The sole stockholder of MacArthur Liquors, Inc., the successful applicant for the premises at 5136, died and all of the stock, except one share, was transferred to Aaron Bassin and his wife to hold as tenants by the entirety.
A short time later, MacArthur Liquors, Inc., filed an application with the Board to transfer its license to 4881 MacArthur Boulevard. The residents of this area circulated petitions and some four hundred twelve persons protested the transfer. These signatures were obtained on two different forms provided by the Board. These forms are identical in almost all respects. The significant difference, as the Board saw it, was that one, in its preamble, recited that the undersigned 'residents and/or owners' object to the issuance of a license 'under Section 14(a-5)', while the other states that the undersigned 'being the owners of the real property' protest 'under Section 14(c) of the District of Columbia Beverage Control Act'. The 14(a-5) petition then has on each line a place for the petitioner's name, a space to fill in either 'owner' or 'resident', the number of the square or parcel, the lot, and the address.

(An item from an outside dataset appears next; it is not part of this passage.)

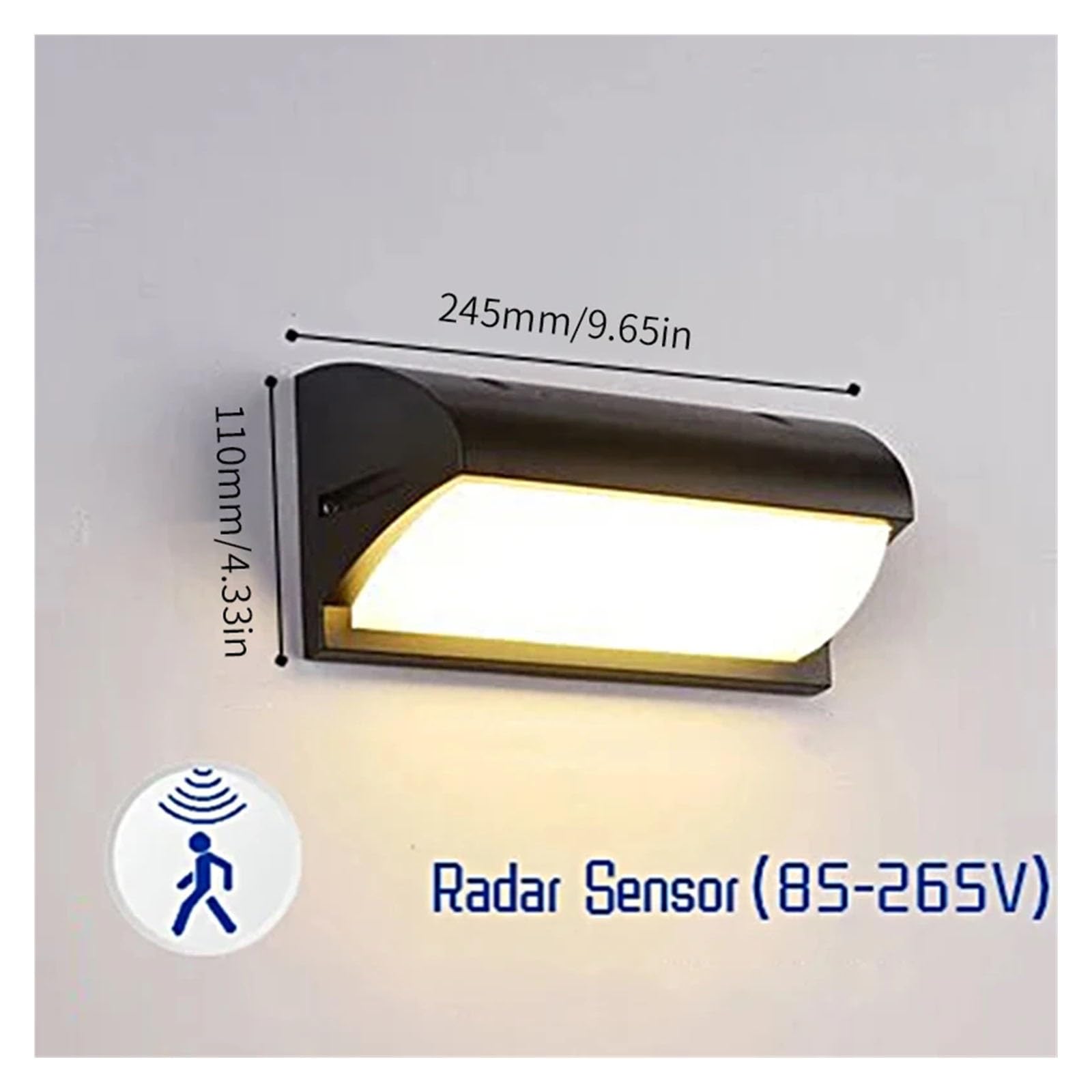 Lampa ścienna LED z czujnikiem ruchu 6W 16W AC85-265V Zimna biel Ciepła IP66 Wodoodporna do ganku, ogrodu(E1 Radar sensor,Cold White)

The 14(c) petition has a place for the petitioner's name, the square or parcel number, the lot, and the address. There is no space on this form to state whether the signer is a resident or owner.
At the hearing held in accordance with the statute, two questions were raised with respect to the signatures on the petition. The protestants argued that the word 'owners' in Section 14(c) should include tenants. The Board interpreted the statute not to include possessors of only leasehold interests.

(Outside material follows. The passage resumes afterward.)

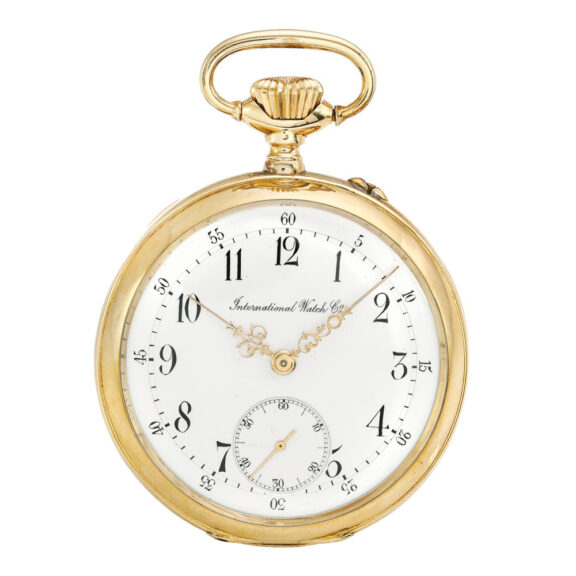 A gold Swiss open faced keyless IWC pocket watch Circa 1900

The protestants further alleged that a majority of the property owners, even excluding tenants, had signed against the liquor store, but that some had signed on one form, some on the other. The Board held that the statute limited protests with respect to 14(c) to the one form prescribed by the Board and excluded from consideration on the 14(c) question all petitioners who had signed on the 14(a-5) form.
On the 14(a-5) issue there was submitted to the Board fifteen
letters in favor of the transfer. Five of these letters were solicited by the applicant and about half of the unsolicited letters seem motivated more by their desire to have the store removed from its present location at 5136 rather than a positive sentiment in favor of a liquor store at 4881. Thus the letter of Frederick R. Pettis says: '* * * I believe the new location is the proper site for a liquor store. Its present location is more of a residential area than the heavy commercial area in the 4800 block of MacArthur Boulevard. * * *' Another example is that of Charles E. Perry: '* * * Recently I have purchased a home at 5225 Manning Place, N.W. and, from a personal viewpoint, this liquor store in the commercial district would not be as objectionable as it is in its present location. * * *'
After the hearing was over, the Board drove about to survey the neighborhood. However, it is unclear to the Court how large an area was inspected. They returned to their office and took out maps and on the basis of these and of their survey, delineated what they considered to be a 'neighborhood' within 14(a-5). They then counted the number of houses in the neighborhood thus delineated. A call to the Bureau of the Census by someone in the office resulted in the use of the factor 2.4 to determine the number of adults in the neighborhood. On the basis of this computation, the adult residents of the neighborhood were postulated at 929. The petitions were turned over to the Board's analysis section which checked how many property owners had signed the 14(c) form and how many residents of the 'neighborhood' had signed both forms. It was determined that only 20% of the property owners had signed the 14(c) form and thus validly protested under 14(c) and 44.4% of the 'neighborhood' had registered objection under 14(a-5).